» WORK TO BE COMPLETED:
Starting with the line that contains "X0000089390558200706151224" and ending with the last line of the listing, print each line exactly. Pictures stay out.

» DATA BELOW:
*** Begin section ***

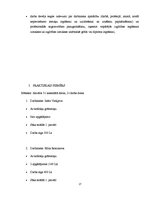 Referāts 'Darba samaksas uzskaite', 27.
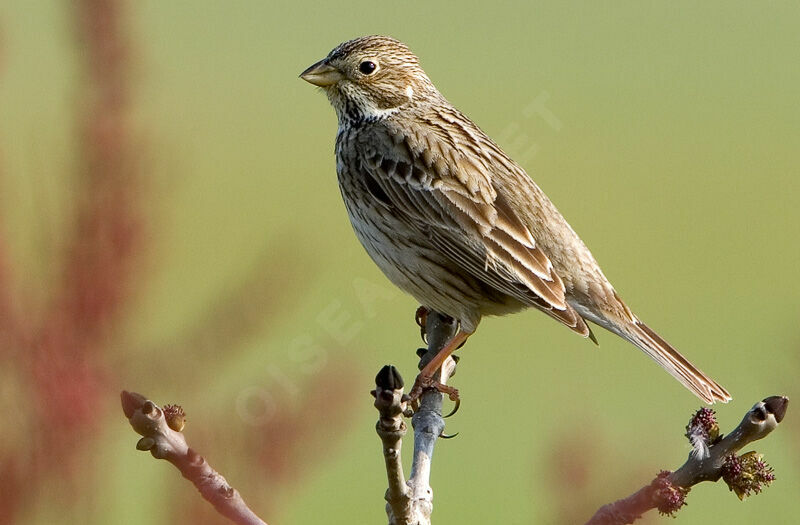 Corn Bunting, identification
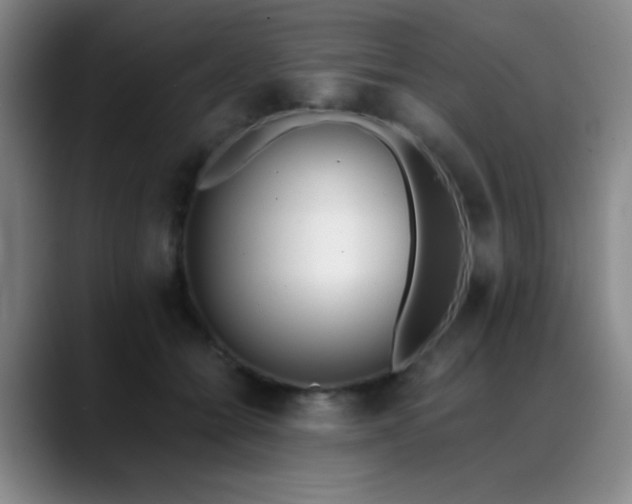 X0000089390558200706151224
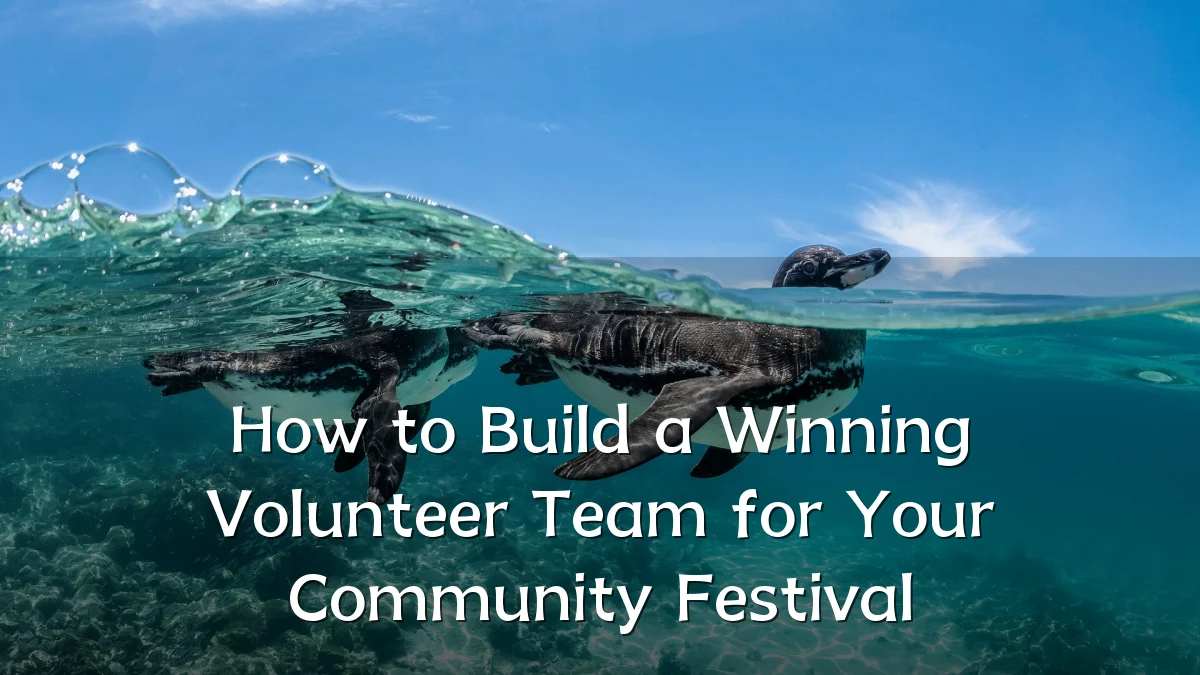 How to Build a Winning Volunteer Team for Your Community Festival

*** End section ***

» SOLUTION FOR THIS EXERCISE:
 X0000089390558200706151224
 How to Build a Winning Volunteer Team for Your Community Festival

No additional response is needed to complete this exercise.